The Number of Ways to Reach Destination in the Grid problem asks you to count paths from the top-left to the bottom-right of an n×m grid where you can only move right or down. This is the classic combinatorics problem: the answer is C(n+m-2, n-1) — choosing which steps are "down" from the total steps. The math, combinatorics, and dynamic programming interview pattern is demonstrated.
Uber asks this to test combinatorial reasoning vs DP reasoning. Knowing the closed-form formula C(n+m-2, n-1) demonstrates mathematical insight; being able to derive it via DP shows algorithmic thinking. Both approaches should be presented.
Combinatorics formula: Total steps = (n-1) down + (m-1) right = n+m-2 steps. Choose which n-1 are "down" → C(n+m-2, n-1).
DP alternative: dp[i][j] = paths to cell (i,j) = dp[i-1][j] + dp[i][j-1]. Base: dp[0][j] = dp[i][0] = 1. Return dp[n-1][m-1].

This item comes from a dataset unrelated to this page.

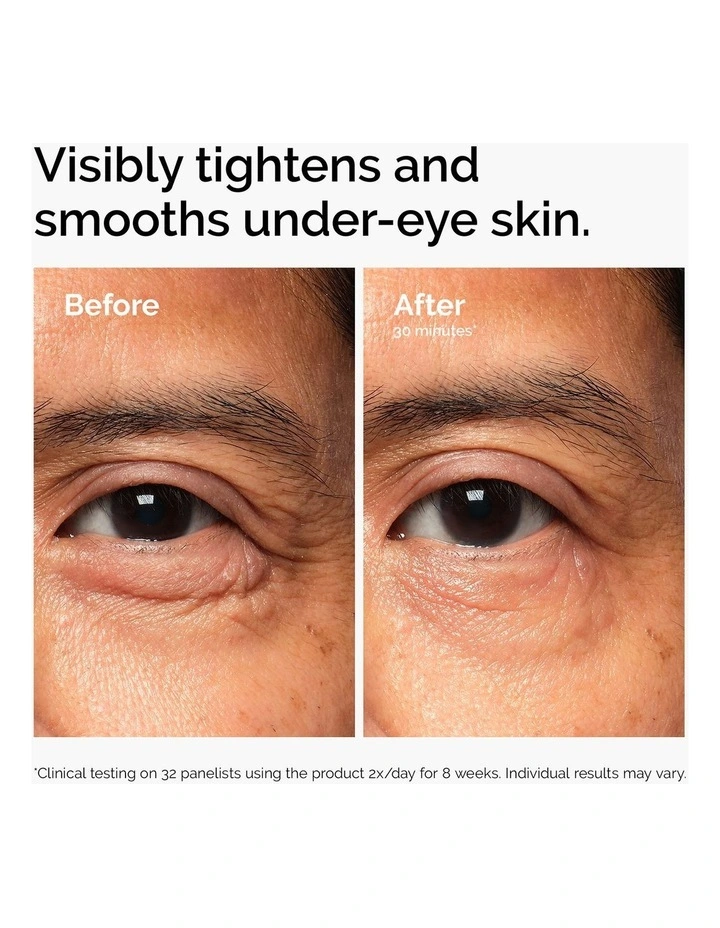 Lacto-PDRN* 4%   B9 Eye Cream image 3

n=3, m=3. C(3+3-2, 3-1) = C(4,2) = 6. DP: dp = [[1,1,1],[1,2,3],[1,3,6]]. dp[2][2] = 6. ✓
Always know both the DP and combinatorial approaches for grid path counting. The formula C(n+m-2, n-1) is elegant and O(min(n,m)) to compute using Pascal's triangle or modular inverse. The DP is O(n*m) and extends to grids with obstacles. For interviews, state both, derive one from first principles, and discuss when each is preferable. Modular inverse computation (for large modulo) is a required companion skill.